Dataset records
+--
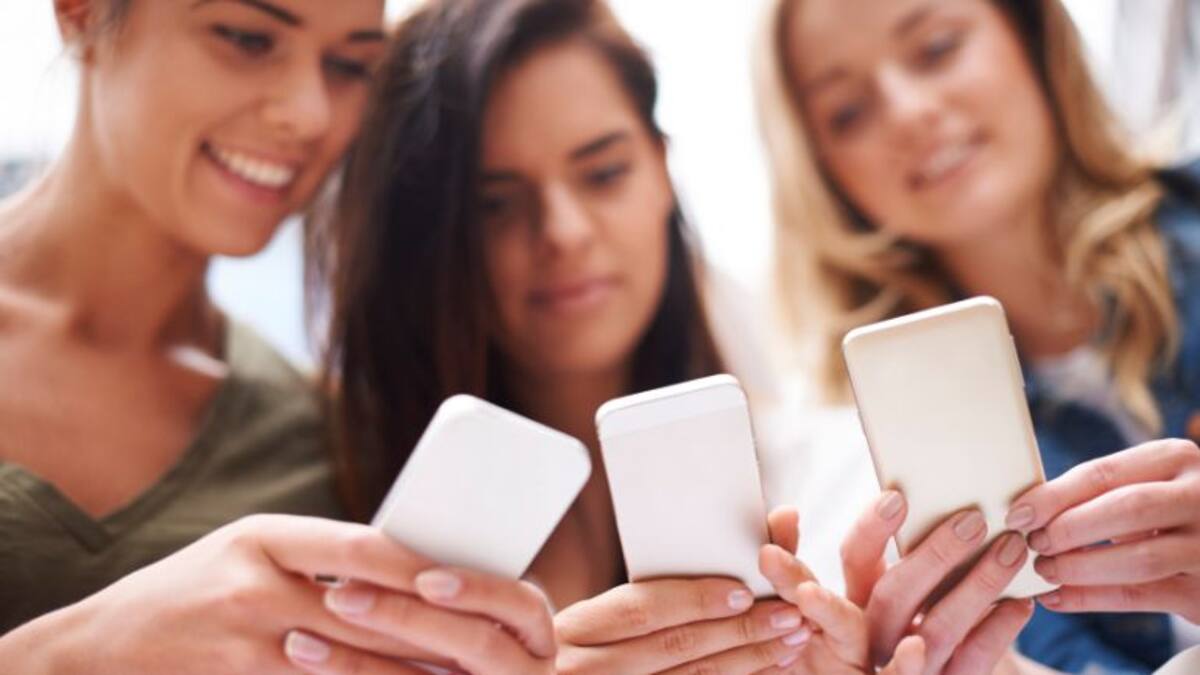 Hombres o mujeres, ¿quién sufre más con los comentarios negativos en las redes sociales?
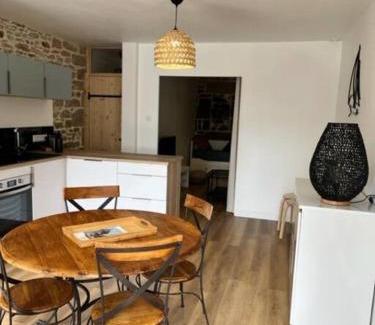 Guerande Apartment | Appartement neuf 4pers, remparts
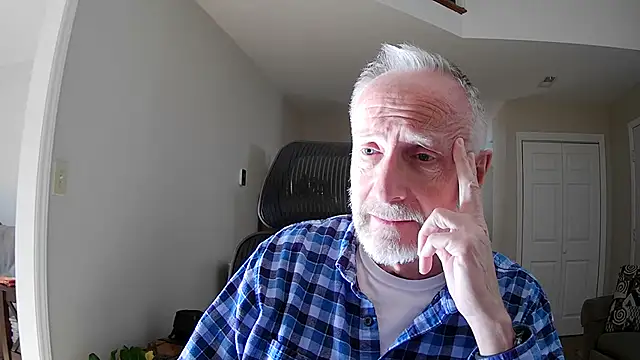 Snapshot of ApolloThrust chatting on November 2025 07:58:02 PM ApolloThrust online show from November 2025 07:58:02 PM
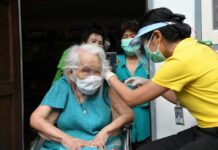BMA opens walk-in COVID-19 vaccination points before Songkran Festival 2022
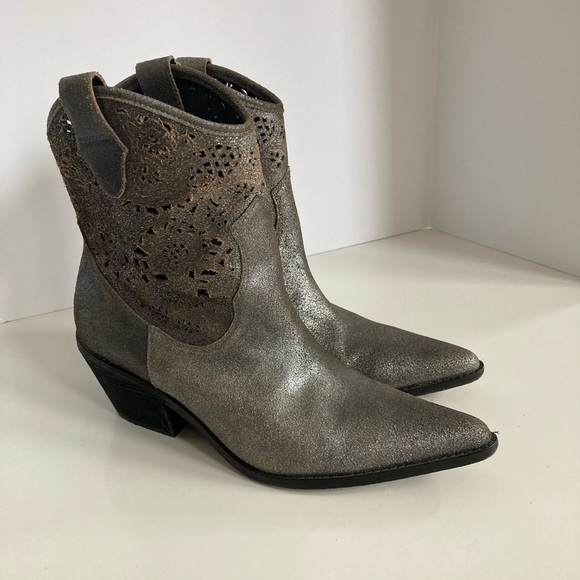 Donald J Pliner Ankle Cowboy Boots Women's Size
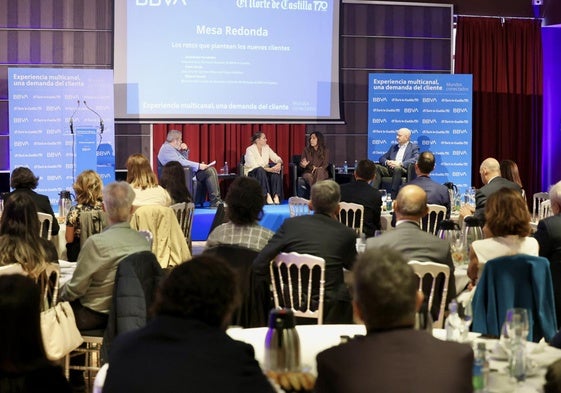 Carlos Aganzo (El Norte), durante la mesa redonda con Guadalupe Hernández (BBVA), Sonia García (Grupo Madison) y Alberto Fossati (Ikea).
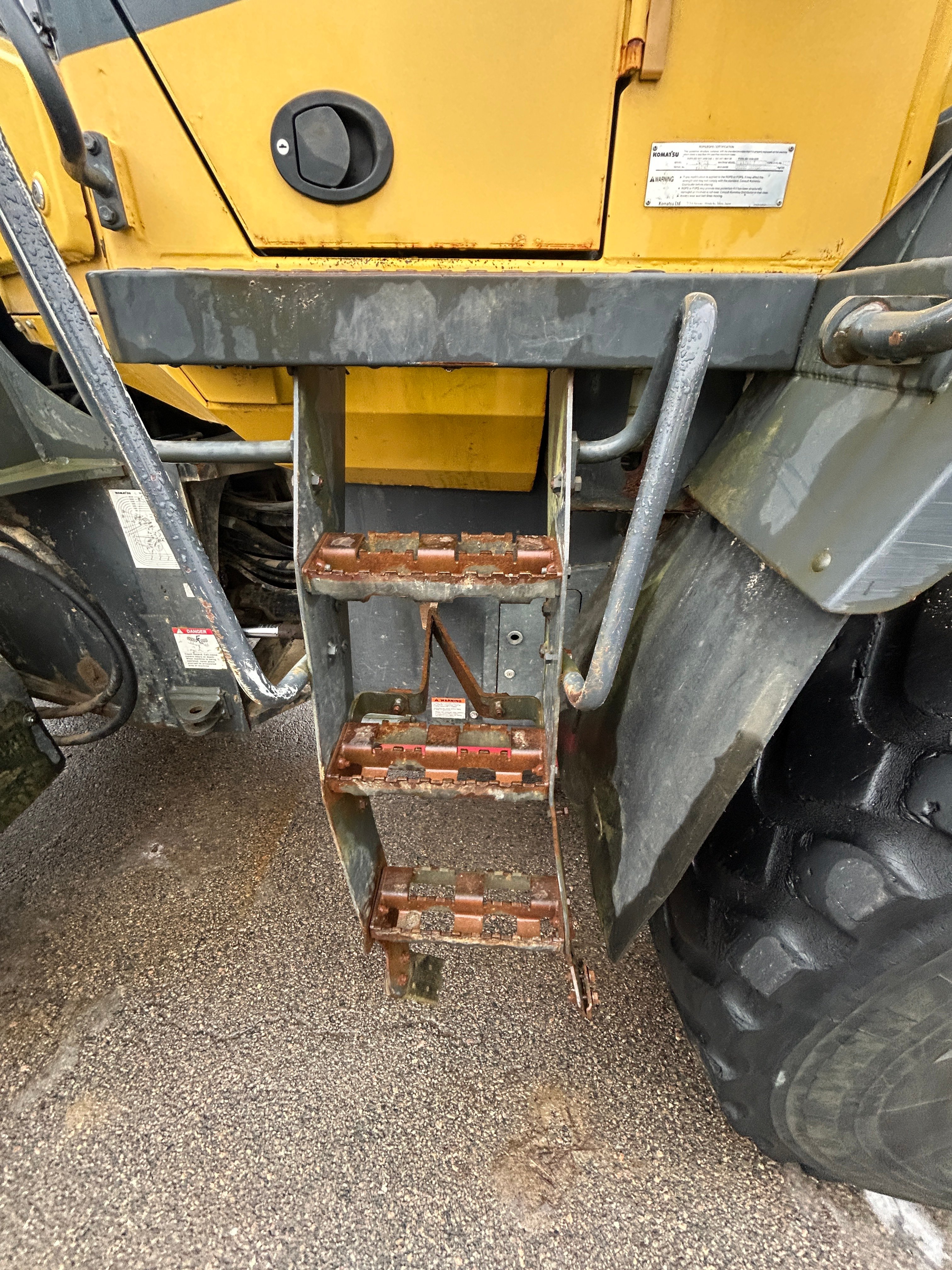 2011 Komatsu WA380-7 — Massachusetts — $90,000 — photo 7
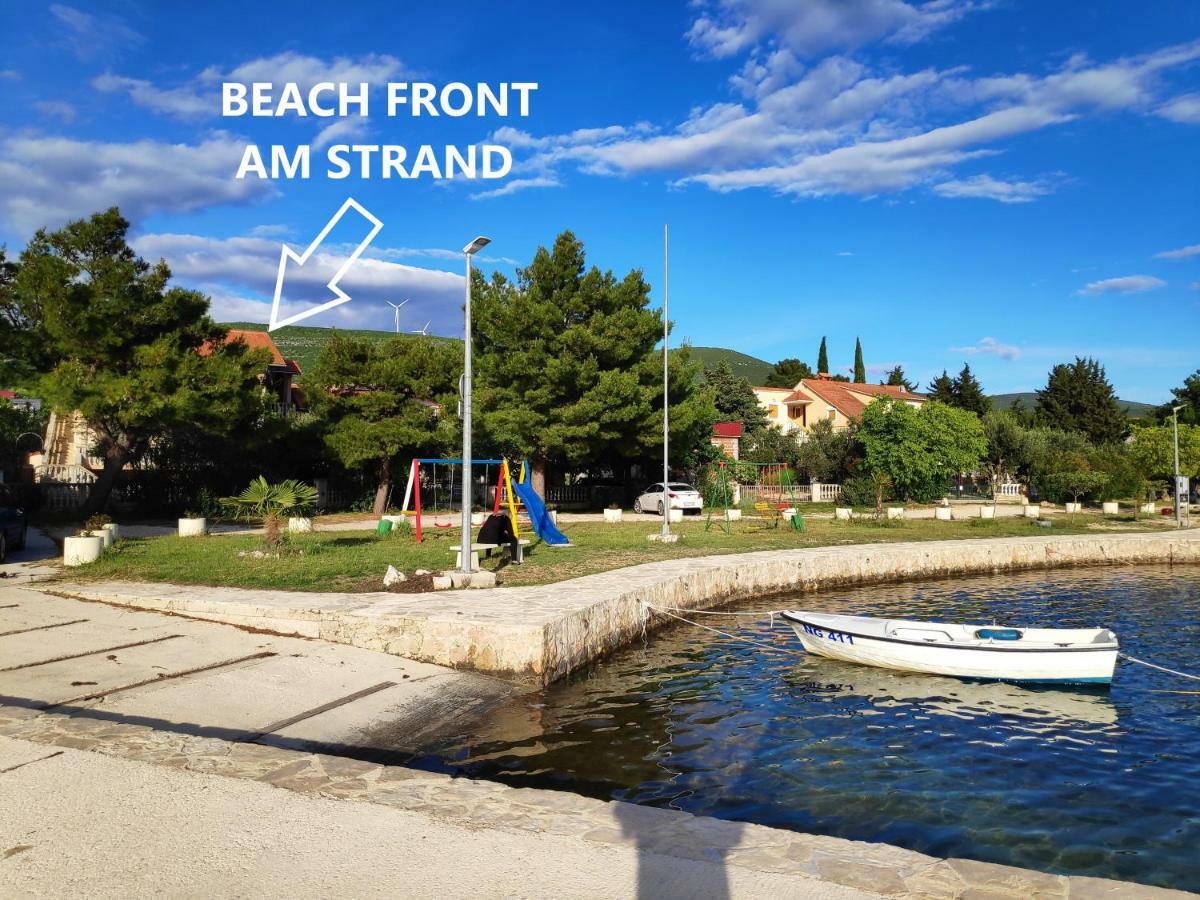 Villa Punta Blava - Beach Front, Ideal For Family Vacation With Kids, Large Terraces With Sea View, Internet, Netflix, No Pets Allowed Obrovac Εξωτερικό φωτογραφία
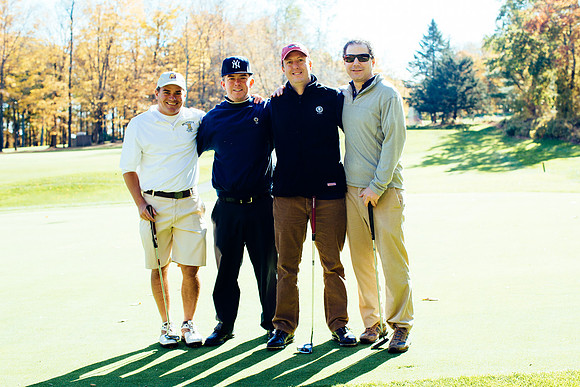 groups_alumni_golfouting13_jk_3149
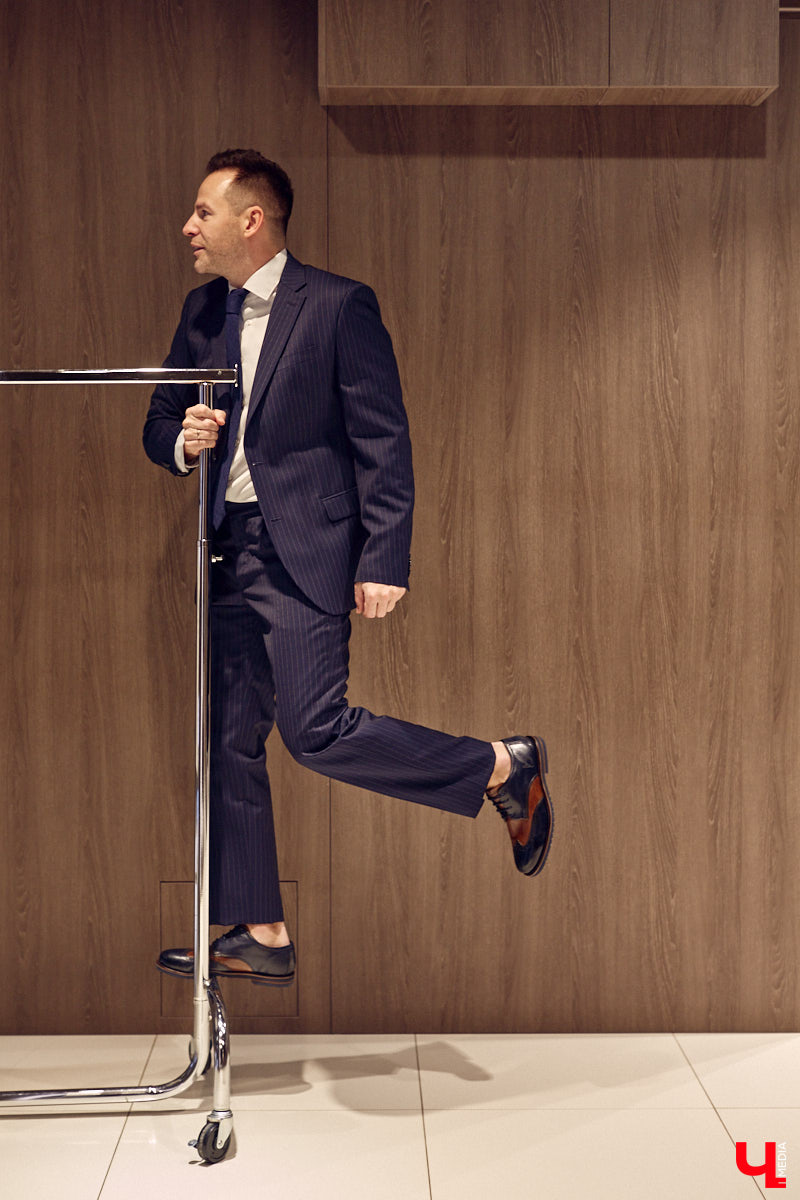 Порой обновить гардероб — непростая задача для представителей сильного пола. Особенно для тех, кто привык одеваться стильно и в соответствии со статусом. В преддверии главного мужского праздника страны мы наведались во владимирский салон TRUVOR, чтобы в компании ведущего Сергея Сажина оценить ассортимент магазина.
+--
* [What to produce]: When you reach the line containing "Donald J Pliner" in the records above, write out that line and every line after it through the end, exactly, but omit the pictures.

* [Response to this task]:
 Donald J Pliner Ankle Cowboy Boots Women's Size
 Carlos Aganzo (El Norte), durante la mesa redonda con Guadalupe Hernández (BBVA), Sonia García (Grupo Madison) y Alberto Fossati (Ikea).
 2011 Komatsu WA380-7 — Massachusetts — $90,000 — photo 7
 Villa Punta Blava - Beach Front, Ideal For Family Vacation With Kids, Large Terraces With Sea View, Internet, Netflix, No Pets Allowed Obrovac Εξωτερικό φωτογραφία
 groups_alumni_golfouting13_jk_3149
 Порой обновить гардероб — непростая задача для представителей сильного пола. Особенно для тех, кто привык одеваться стильно и в соответствии со статусом. В преддверии главного мужского праздника страны мы наведались во владимирский салон TRUVOR, чтобы в компании ведущего Сергея Сажина оценить ассортимент магазина.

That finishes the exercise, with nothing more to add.